Source: http://www.phasa.co.za/what-is-in-t...elephant-import-permits-granted-by-usfws.html
We recently received the much anticipated news that the US Fish & Wildlife Service (USFWS) has begun to issue import permits for African elephant trophies. USFWS granted a Hunting Report subscriber an import permit for two elephant hunted in South Africa in April and May 2016. We have also confirmed that a permit has been issued to import an elephant taken in Namibia.
We have been following this story since USFWS announced that it would require import permits from threatened-listed elephant under a revised 4(d) rule, which went into effect on July 6, 2016 (see article 3815). All elephant trophies imported after that time require a permit, regardless of when they were taken.
In the coming weeks, we will glean whatever information is available from the permits already issued and learn what may be in store for future applications. For the moment, we know that USFWS is moving through current applications. The permit issued for the two elephants taken in the Limpopo province also suggests that USFWS has found that South Africa's elephant management program meets its requirements for enhancement of the species as required by the 4(d) rule, and the same can be said of Namibia.
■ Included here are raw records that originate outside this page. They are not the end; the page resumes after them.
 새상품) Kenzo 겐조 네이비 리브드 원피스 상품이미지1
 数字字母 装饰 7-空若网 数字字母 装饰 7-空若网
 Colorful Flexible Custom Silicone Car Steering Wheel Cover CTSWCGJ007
Hunters have had a reasonable expectation of getting permits for South Africa and Namibia elephant, since the USFWS had spoken favorably of elephant management in those countries before the new permitting requirement went into effect. The situation for elephant from Zimbabwe and Tanzania is complicated by previous USFWS findings. For what it's worth, we have not heard of permits from those countries being denied.
Another subscriber (who wishes to remain anonymous) wrote us to add, "My wife is one of the hunters being assisted by Conservation Force with an application for a USFWS import permit for elephant. Her elephant was taken in early September in the Tsholotsho area in Zimbabwe, which is part of the CAMPFIRE (Communal Areas Management Program for Indigenous Resources) program.
"The elephant was taken on the border of Hwange National Park, which has an estimated population of 45,000 to 50,000 elephants, a number far exceeding the carrying capacity of the park. The vegetation has been hammered there. As a result, the elephants cross the fence in the early evening and go back in the early morning simply to get better browse (and the locals' crops). Most of the elephants taken in that area are hunted either coming from or going back to the park.
"One of the underlying reasons for the creation of CAMPIRE was to establish a community-based natural resource management program and to allocate the ownership of renewable resources to indigenous people in conservation-protected areas. Vehicles associated with the Tsholotsho ward were very much in evidence on our safari, and it was clear to me that the various councils are invested in the enhancement of elephant in that area. We saw antipoaching patrols daily. The trophy fee that we paid finds its way back to the council for its use in habitat management. In addition, we had close to 100 villagers take the meat from the elephant."